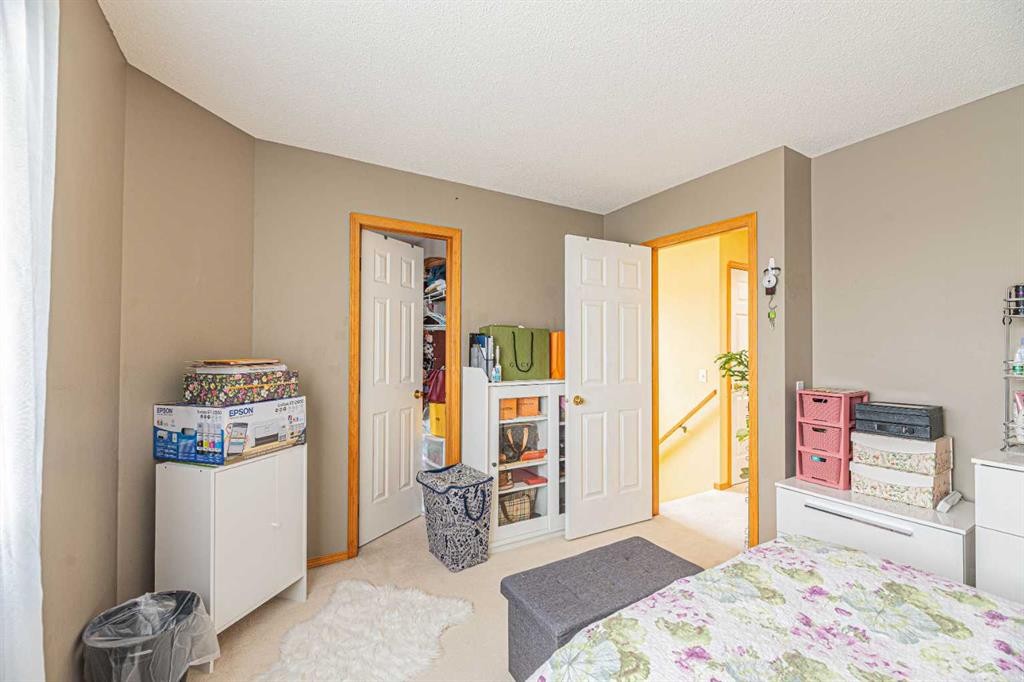 18 Coral Springs Circle Ne, Calgary, AB - Indoor Photo Showing Bedroom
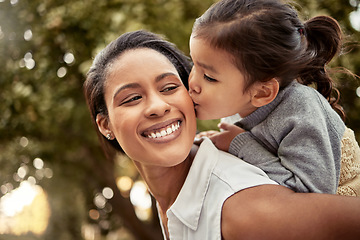 Image showing Child, mother and kiss on piggy back in garden, happy young girl and outdoor adventure in Colombia. Family bonding in backyard, love spring freedom and kid hug mom and playing in park together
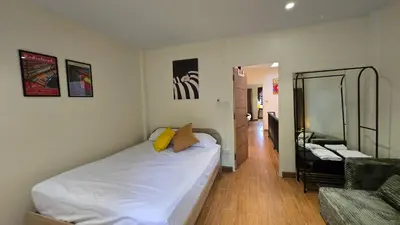 a bedroom with a bed and a living room at TownHouse near Central Ladprao with bathtub in Bangkok
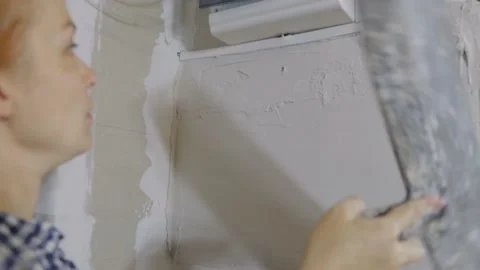 Plastering the wall. Hand holding a spatula with construction mix .Internal Vídeo Stock 165838266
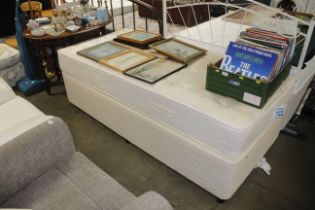 A single divan bed with a Myers mattress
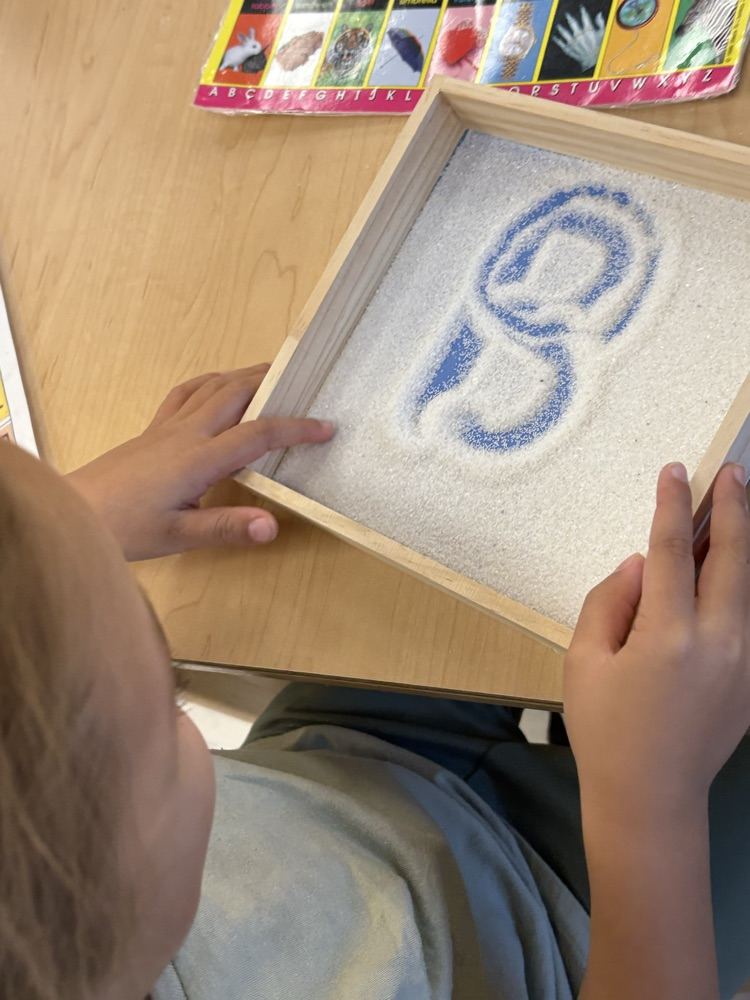 Working on our fine motor skills and learning to form letters in the sand.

==================================================

■ **What is expected**: Reproduce exactly, and only, the part of the entries above that runs from the line with "A single divan bed with a Myers mattress" to the last line, both included. Pictures stay out.

■ **The answer**:
 A single divan bed with a Myers mattress
 Working on our fine motor skills and learning to form letters in the sand.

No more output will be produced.